Activity |
Provide an exact copy of the data, excluding the images.

Data block |
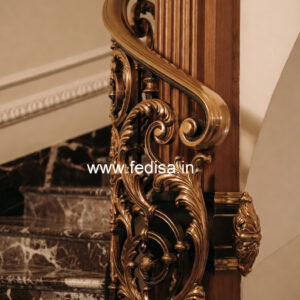 Creative Exterior Railing Ideas For Home No-34931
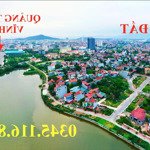 bán ô đất liên bảo gần trung tâm quảng trường tp vĩnh yên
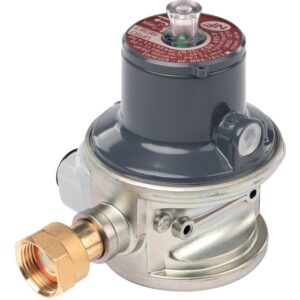 Détendeur - CLESSE - Propane - Débit 5 kg/h - Pour citerne - Clesse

Solution to the problem |
 Creative Exterior Railing Ideas For Home No-34931
 bán ô đất liên bảo gần trung tâm quảng trường tp vĩnh yên
 Détendeur - CLESSE - Propane - Débit 5 kg/h - Pour citerne - Clesse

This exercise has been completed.